Home show promises optimistic building season
In the same way that exhibition games signal the onset of baseball season, so does the Rochester Area Builders Home show herald the beginning of the construction season in Southeast Minnesota.
And based on the activity of this weekend's show, the area continues on a trajectory of robust commercial construction and steady-as-she-goes residential building, said John Eischen, executive director of Rochester Area Builders Inc.
"Commercial in the last couple of years has been very strong," Eischen said, adding that there was a 25 percent leap in such construction driven by multi-family dwellings, hotels and apartments last year, "(Destination Medical Center) is gearing up."
Eischen was referring to the 20-year plan to transform Rochester into a global medical hub through a $6 billion investment by Mayo Clinic, the state and private partners.
The 37th annual builders show featured 337 booths and nearly 200 exhibitors, filling up every room and auditorium of the Mayo Civic Center. The number of booths was about the same from last year, but the quantity of businesses and exhibitors, ranging from builders and remodelers to insulation and appliance companies, was up.
The home show is a key weekend on the calendar, because many businesses that attend the event book a third of their business there, Eischen said.
Anywhere from 5,000 to 6,000 people attended the three-day show. The reasons for coming are as small as wanting to replace a toilet to as big as building a new home.
Dan Aguilar, president and CEO of Smart Home Innovations, was on hand to answer questions about home theaters and home automation.
"It's a huge trend," Aguilar said. "People are just too busy to go to movies, even though it's great when you have the time. Now we have access to so much content."
Aguilar said the ease with which people can manipulate a home theater, thanks to smart phone technology, is creating an appetite for control throughout the home. With a smartphone app, people can choose not only between Netflix and Amazon but can control the lights, the thermostat, the blinds, the home alarm and security system.
"It's not so much for security. It's more because you like checking on your house, checking on your pets," said Aguilar, referring to a camera system that permitted viewing from his phone.
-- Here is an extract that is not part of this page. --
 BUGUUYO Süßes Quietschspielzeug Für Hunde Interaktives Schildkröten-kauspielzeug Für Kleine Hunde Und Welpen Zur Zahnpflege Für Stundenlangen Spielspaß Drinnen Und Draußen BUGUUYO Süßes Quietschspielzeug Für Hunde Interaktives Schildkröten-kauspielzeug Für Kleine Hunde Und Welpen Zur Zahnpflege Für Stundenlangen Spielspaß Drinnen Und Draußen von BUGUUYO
Eischen said Rochester was the last to feel the effects of the Great Recession and among the first to escape its impact. Typically, when businesses are expanding or building, it creates a demand for people, and those people create demand for homes. With strong commercial construction activity, it will only be a matter of time before its impact is felt on single-family home arena.
"We should see some more in growth in single-family residential in 2016," Eischen said. "I expect to spike in 17. The concern we have with that is the number of lots available could be a challenge. So there's concerns with housing affordability in the future."